§ Work item: Reproduce only this range: the line holding "Country house with" through the last line of the data below, both included, exactly, with no pictures.

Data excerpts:
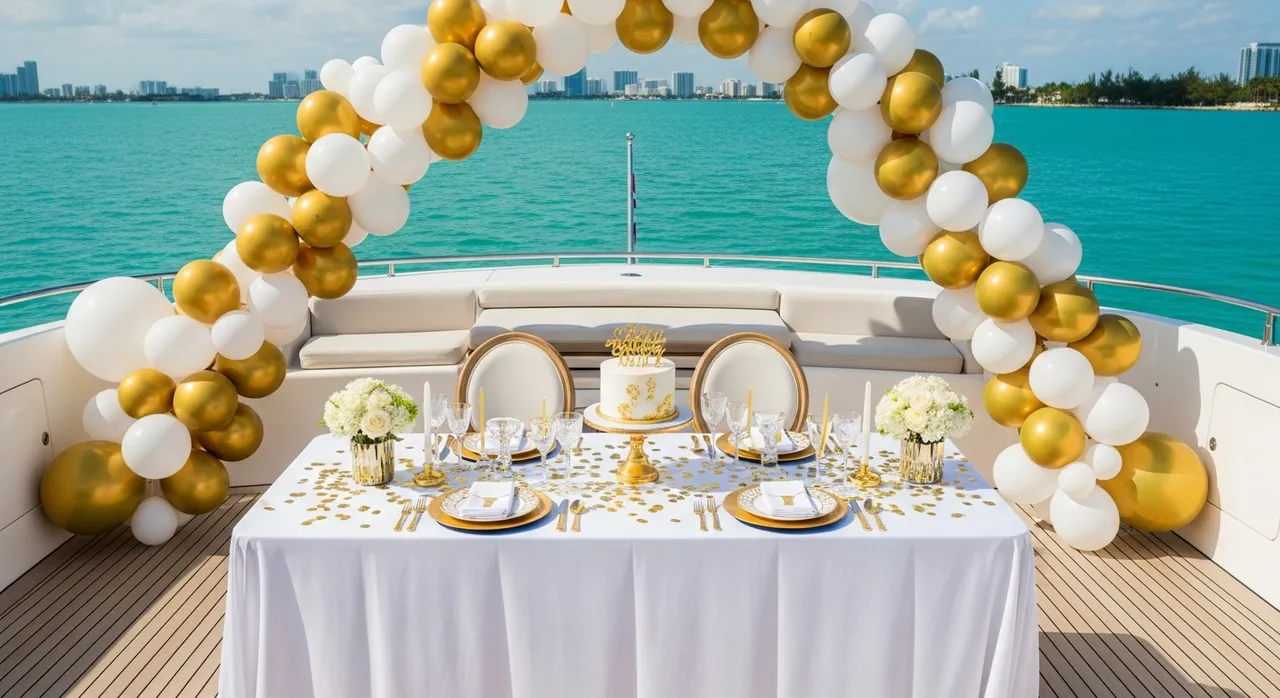 Birthday Decorations — Premium
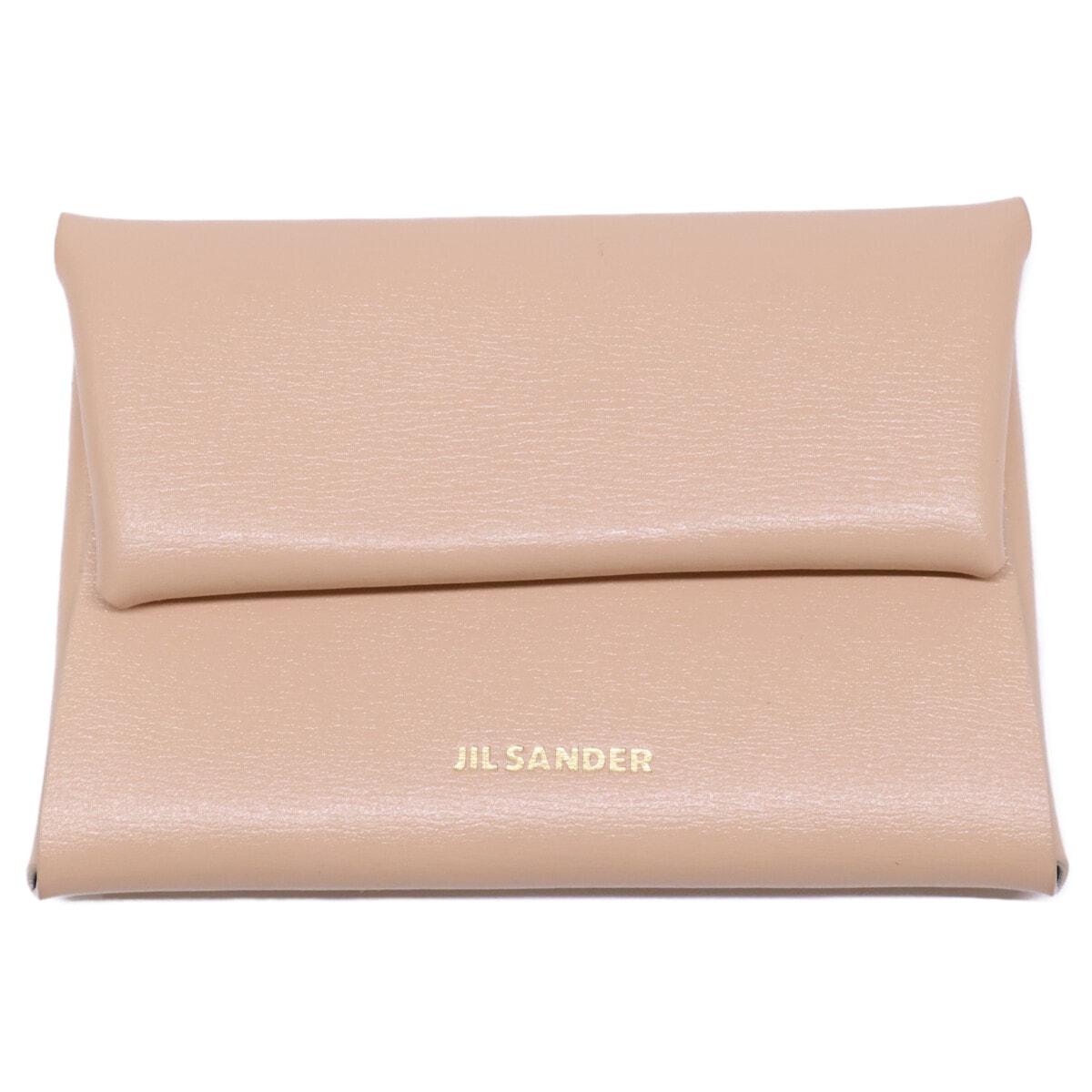 ジルサンダー 【美品】J07UI0013 P4840 261 FOLDED COIN PURSE フォールデッドコインパース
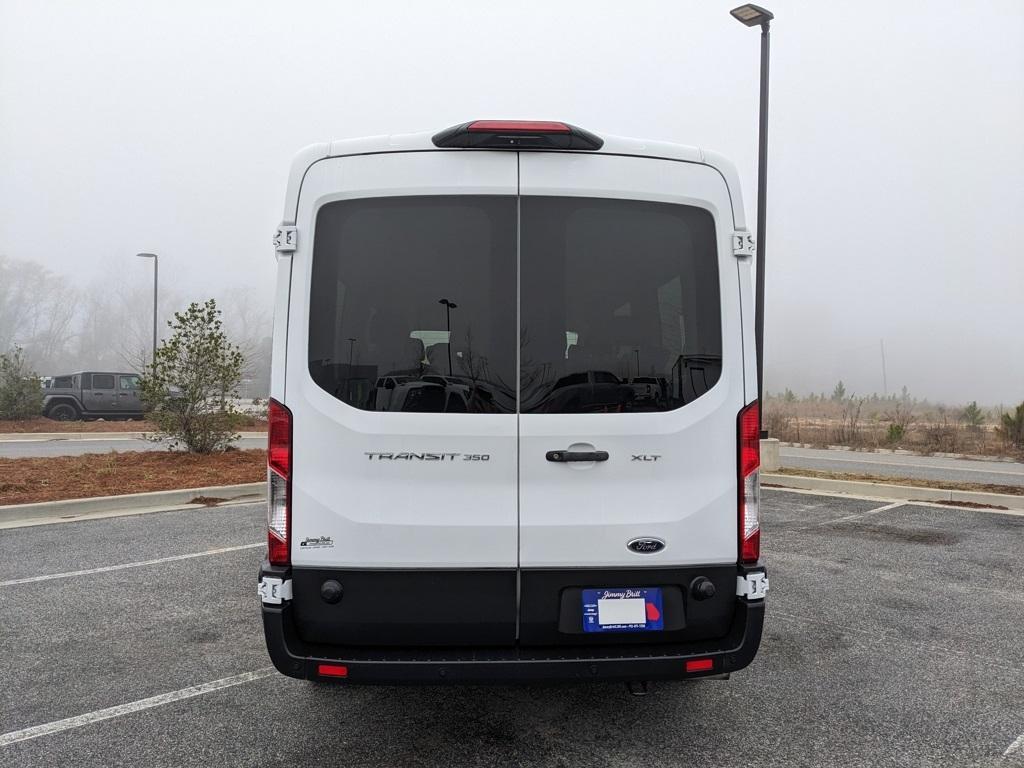 used 2024 Ford Transit-350 car, priced at $39,416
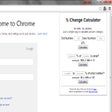 Icon of program: Percent Change Calculator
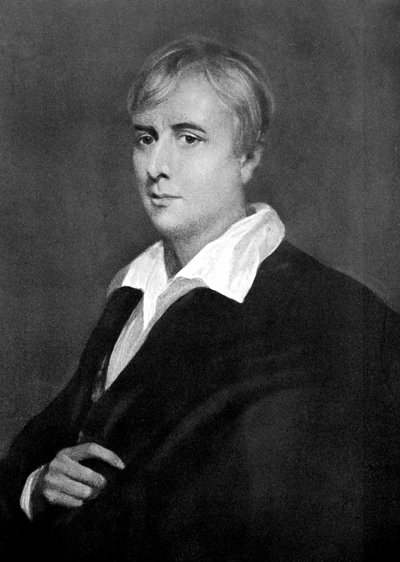 George Henry Borrow, autor inglés del siglo XIX, 1913 de Henry Wyndham Phillips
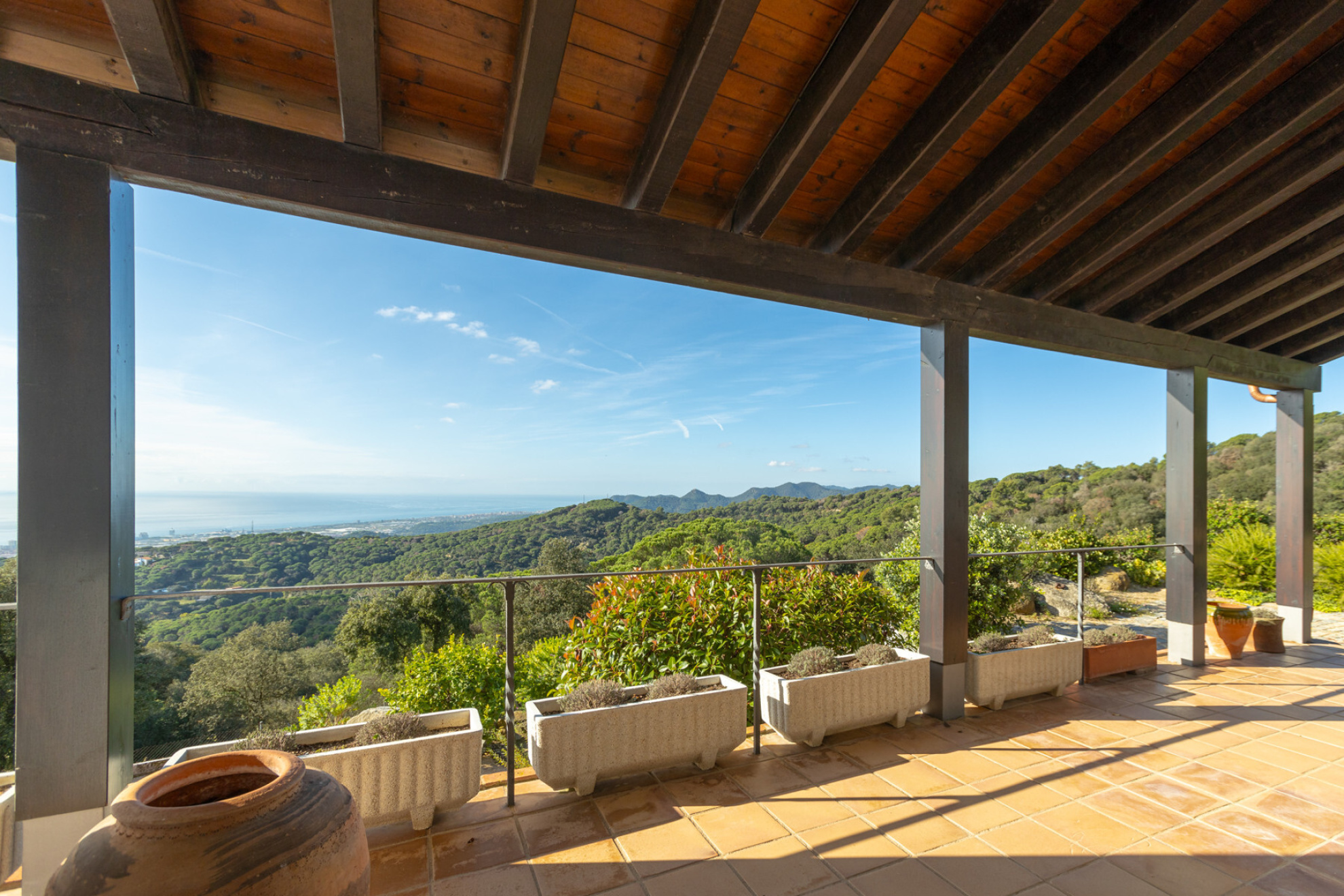  Country house with 3 independent houses. Incredible sea and mountain views. - 物件實景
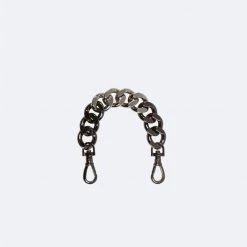 Bandolier Chain Smart Phone Cases For Women Black/silver X One Size -Bandolier Online Shop org 1456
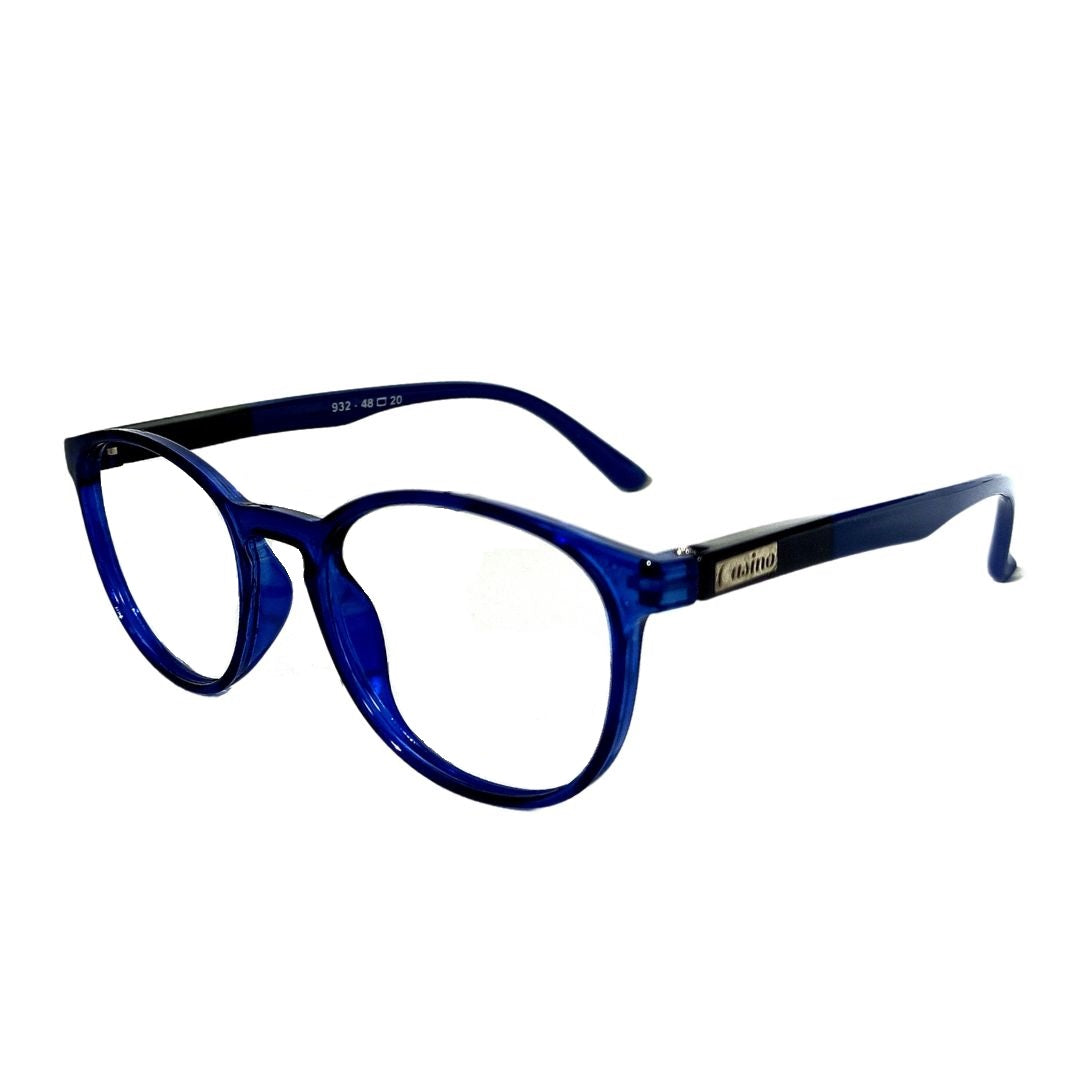 Round  Stylish Jubleelens® Eyeglasses Frame For Unisex- 932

§ Final answer:
  Country house with 3 independent houses. Incredible sea and mountain views. - 物件實景
 Bandolier Chain Smart Phone Cases For Women Black/silver X One Size -Bandolier Online Shop org 1456
 Round  Stylish Jubleelens® Eyeglasses Frame For Unisex- 932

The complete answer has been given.